Gençliğimde, Kıbrıs ve Filistin konulu gösterilere -bazısında konuşmacı olarak- katıldığım gibi, değişik partilerin hak ve özgürlükleri kısıtlama amaçlı yasa girişimlerine sokaktan verilen tepkilerde yer aldığımı da hatırlarım.
Cumhurbaşkanı Tayyip Erdoğan da bizim nesliden sayılır; hiç kuşkusuz o da vaktiyle tepkilerini duyurma amaçlı mitinglere, yürüyüşlere katılmıştır. Kitlelerin seslerine kulak verilmesinin gerekli olduğunu bilecektir.
İktidarlar sokakların hareketlenmesini istemez, hareketlenince hoşlanmaz, varlığının tehdit edildiği endişesine kapılır, gösterilerin fazla uzamasından çekinir.

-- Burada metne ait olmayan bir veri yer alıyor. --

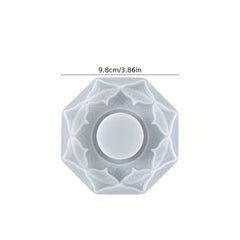 Concrete Candle Jar Silicone Mould Round Lotus Candle Holder Cement Plaster Mold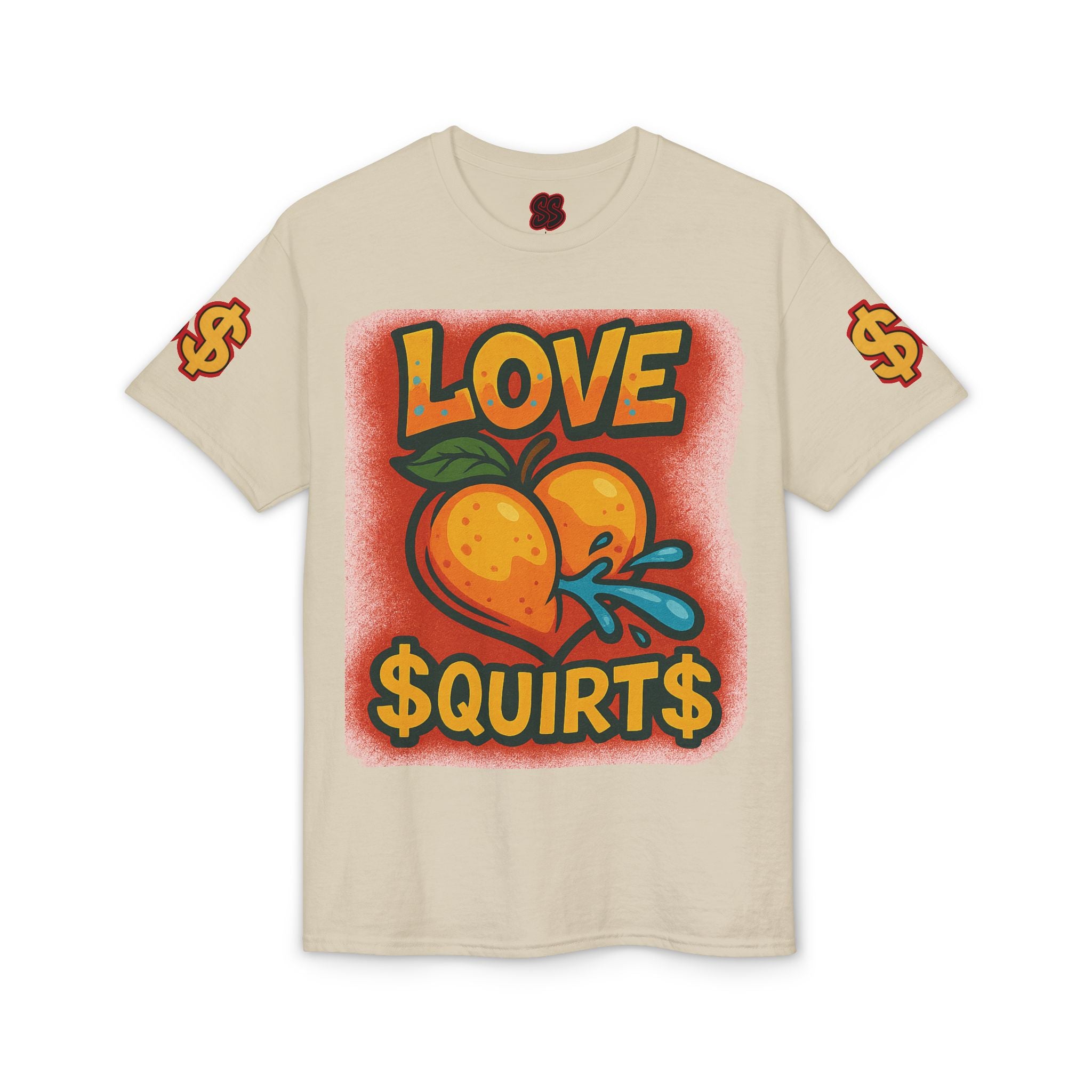 Stew Shysties Love Squirt Peach Graphic Back Print Tee White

Her iktidarın siyasi hafızasında, Paris’te başlayan ve oradan dünyanın değişik ülkelerinde etkisini hissettiren 1968 öğrenci hareketleri vardır.
Yine de tahammül edilir sokaklardan yükselen sese…
Zaten Türkiye Cumhuriyeti Anayasası’nın bir maddesi -1982 Anayasası’nda 34. madde, başka hiçbir anlama çekilmesine izin vermeyecek bir açıklıkta, “Herkes önceden izin almadan silahsız ve saldırısız toplantı ve gösteri yürüyüşü düzenleme hakkına sahiptir” hükmünü getirmiştir.
Bir ara, tepkilerini şehirler arası yollarda yürüyerek dışa vurmaya kalkacakları engelleme amacıyla 2911 sayılı Toplantı ve Gösteri Yürüyüşleri Kanunu’na konulmuş (22. madde) “...Ve şehirlerarası karayollarında gösteri yürüyüşleri düzenlenemez” ibaresinin iptali için yapılmış başvuruyu Anayasa Mahkemesi yerinde bularak iptal etmiştir.
Meydanlar ve sokaklar hak ve özgürlüğü kulanma alanıdır.
Sokakları, meydanları tepki vermek amacıyla kullananların da eylemlerini saptırmaya kalkışacaklara karşı dikkatli olmaları gerekir. Kalabalıklara sızan tiplerin kitleleri yanlış yönlere sevk etme çabaları ya da işin içine vurucu-kırıcı-öldürücü silahları sokarak barışçı eylemi kanlı hale dönüştürme gayretleri olabileceği akıldan çıkarılmamalıdır.
Dünyanın gözü üzerimizde.
ABDE’NİN DE…
Bazıları günlük basınla buluşmasında Türkiye’de yaşananlara dair bir soruya ABD Dışişleri Bakanlığı sözcüsü Tammy Bruce’un verdiği cevabın basitliğine şaşırmış görünüyor.
ABD’nin yeni yönetimi, eminim, daha önce bizdeki pek çok örneği takdire ve taklide layık bulduğu gibi, bu gelişmeyi de merakla izlemeyi yeğleyecektir.
Trump’ın da ABD’de hesap soracakları var çünkü.